The tour was sponsored by the Pastoral Leadership Institute, through which Beltz became aware of the Endowment grant.
“That will be my way of providing service back to an entity that receives children who are eventually allowed to be returned to their parents or placed into another caring home,” Beltz told Reporter as he explained that he was an adopted child.
The Beltzes — whose three children will eventually join them in Brazil to help at the orphanage — plan to be at Holy Trinity Institute for about 40 days — “a good biblical number,” as Rev. Beltz puts it.
After their return to the States, the pastor and his wife plan to rent a motor home, visiting for a month or so with congregations in western Colorado and eastern Utah “who have transitioned from medium-to-large-size, and find out how that process worked as they connected to their communities,” a situation and process which Beltz says applies to Trinity, Franktown. The congregation, with about 500 members, recently celebrated its 25th anniversary, as the pastor reached the same milestone in his ministry.
“The real goal for me will be to learn from others and to get a better idea of what mistakes to avoid and learn from,” he said.
And while the pastor and his family are away, plans call for the congregation to engage two groups of “The 72 … Partners on the Road,” an outreach ministry of LCMS World Mission that uses trained volunteers to work with congregations to help them start or shore up outreach ministry to unchurched people in their communities. (Click here for related story.)
“That’s all to foster a culture of outreach in our congregation,” said Beltz, who added that Trinity members will aim to conduct up to 25 “intentional outreach-focused events and ministries” during his time away.
All of those activities — from Brazil through the outreach training — will be funded by the Endowment grant.
Beltz described the grant application process as “very detailed, and a wonderful exercise to help the pastor and congregation think about priorities for the future.”
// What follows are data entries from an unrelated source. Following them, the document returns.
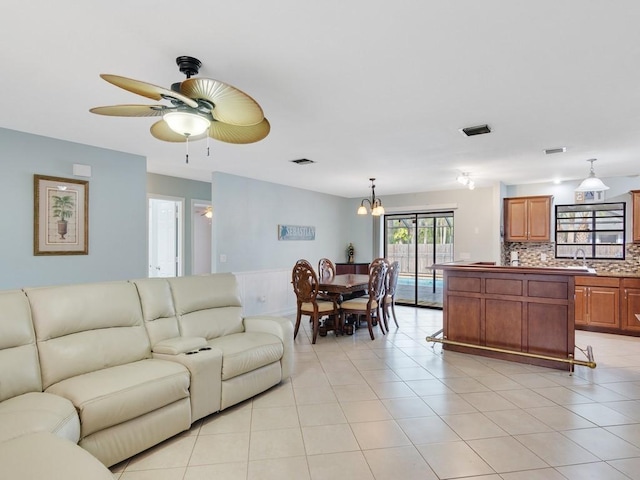 tiled living room with sink and ceiling fan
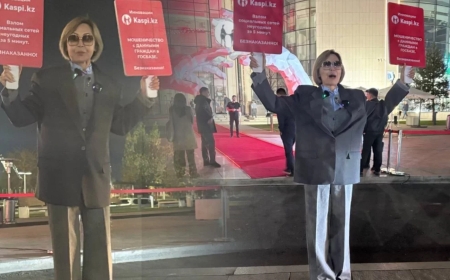 Orda.kz сайтының бас редакторы Гүлнәр Бажкенова Kaspi банк алдында пикет өткізді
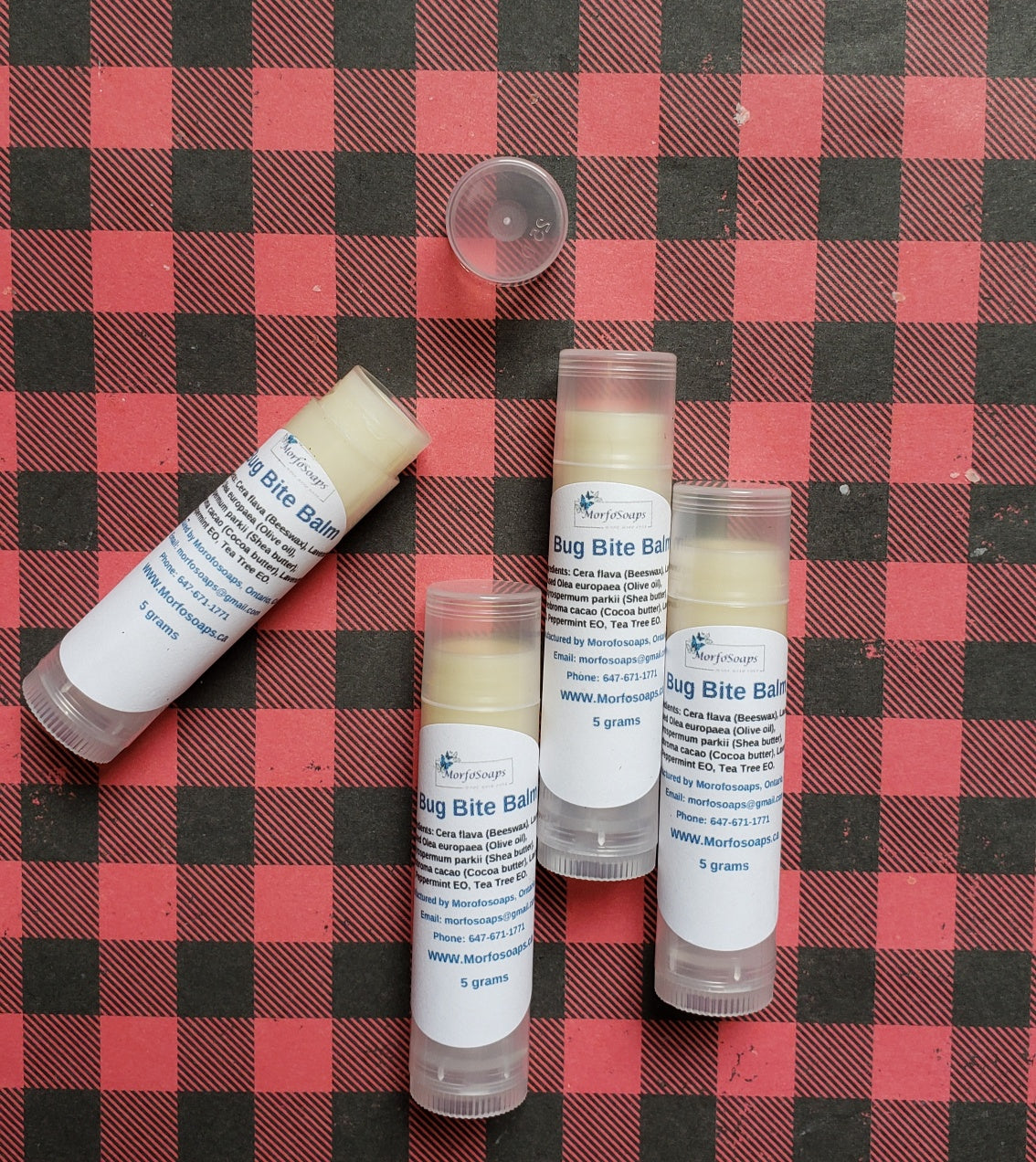 A small jar of Morfosoaps' Handmade Bug Bite Balm with a natural ingredients label, showcasing its soothing properties.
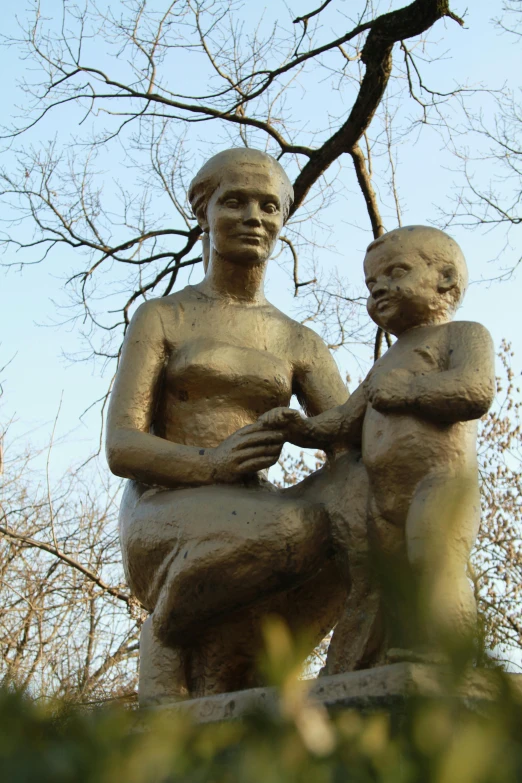 a statue of a woman holding a child, at the park, schomburg, meret elisabeth oppenheim, the non-binary deity of spring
Since Trinity and Beltz were using the first of three tries allowed in applying for the grant, “we thought we’d just give it a shot, take the rejection humbly and graciously, and try again,” he told Reporter.
When they learned that their first application resulted in the grant being awarded, “we were amazed, surprised, and really grateful,” Beltz said. “Now, with God’s blessing, we’re ready to make the best use of it.”
“What a great opportunity and real blessing for Pastor Beltz, the congregation he serves, and the Holy Trinity Institute in Brazil,” said Rev. David Muench, executive director of the LCMS Commission on Ministerial Growth and Support (CMGS).
“The positive value resulting from the pastoral sabbatical is gaining wider recognition among ministers and congregations,” Muench told Reporter.
Delegates to the Synod’s 2007 convention in Houston adopted Resolution 6-08 (680 to 59), which “encourage[s] congregations to provide professional church worker sabbaticals,” including consideration of “resources for developing sabbatical guidelines such as” those that “Wheat Ridge, Thrivent Financial, Louisville Institute, Lilly Foundation, as well as several of our LCMS districts” already have.
The resolution also calls on the CMGS to develop “model Synod guidelines for use in the Synod.”
“We consider the generous support of the Lilly Endowment and others to be critical in the development and implementation of guidelines at the local level,” Muench said.